The availability heuristic is used to make an assessment of the frequency or probability of an event based on how many examples of the event come to mind.

Availability is a particularly vulnerable heuristic today due to the pervasiveness of news in our lives.

By definition, the news tries to show us the most interesting, shocking, outlier events that happen every day. This leads to us overestimating the probabilities of these events, simply because they are more examples of them available in our minds. Death from traffic accidents is far more likely than death from terrorism, but because the latter is discussed more in the news we overestimate its prevalence.

Adjustment from an anchor

Numerical estimates are often made by establishing an initial value, that may be provided with the problem or be the result of a partial computation.
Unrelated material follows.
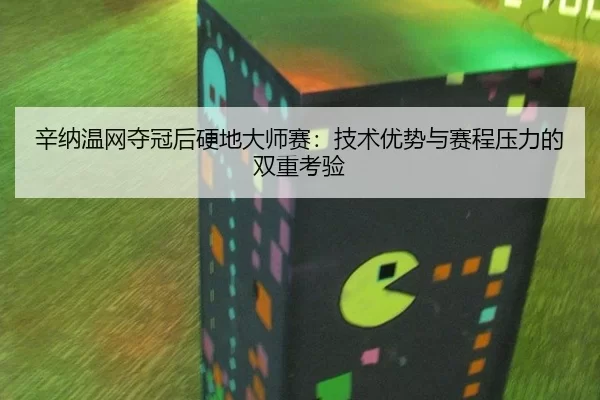 辛纳温网夺冠后硬地大师赛：技术优势与赛程压力的双重考验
The initial value or anchor is then adjusted to come up with the final estimate.

One area where adjustment from an anchor doesn't serve us very well is in estimating probabilities of conjunctive and disjunctive events. Conjunctive events are events that require multiple other events to take place (i.e. given events A, B and C, a conjunctive event would be A and B and C occurring together). Disjunctive events require any one event to take place (i.e. either A or B or C occur).

People try to estimate probabilities for conjunctive and disjunctive events by anchoring on the probabilities of the simple events (A, B, C) and adjusting based on their intuition. But they tend to overestimate probabilities on conjunctive events and underestimate probabilities of disjunctive events.

Anchoring in conjunctive events

An interesting example of how anchoring and adjustment can lead us astray can be seen in the process of planning for a complex project. The outcome of the project usually depends on multiple sub-projects being executed successfully. Even if the individual sub-projects are each highly likely to succeed, the chances all of them succeeding together might be fairly low.

Let's look at an example. Let's say you're developing a new phone that you plan to launch early next year. Let's say there are four sub-projects involved in this undertaking - getting the manufacturing process ready to produce the phone, getting the software ready, preparing a compelling marketing campaign, and working out deals with telecom companies.

The probability of your launch happening successfully would be a conjunction of the four events. Assuming the events are independent, and each have a 90% probability of success:

P(launch) = P(manufacturing ready) * P(software ready) * P(campaign ready) * P(telecom deals ready)

P(launch) = 90% * 90% * 90% * 90% = 65.6%

So even though the probability of each sub-project succeeding is 90%, the probability of being able to launch by early 2019 would only be 66%.

Anchoring in disjunctive events

Anchoring and adjustment is similarly ineffective at estimating probabilities of disjunctive events:

A complex system, such as a nuclear reactor or a human body, will malfunction if any of its essential components fails. Even when the likelihood of failure in each component is slight, the probability of overall failure can be high if many components are involved.

Thoughts

It's always interesting to read about the different ways we can make bad decisions, and recently there have been many books written on the subject of behavioural economics.

However what I haven't found yet, is a systematic way to handle our biases. While flawed, these heuristics are too useful and efficient to discard completely. But maybe we can try to be more thorough in situations that are high-stakes and likely to suffer from our biases. For example in the planning situation above, educating organizational leaders in the way we can misjudge the likelihood of success of our plans would probably help them be more conservative with their expectations.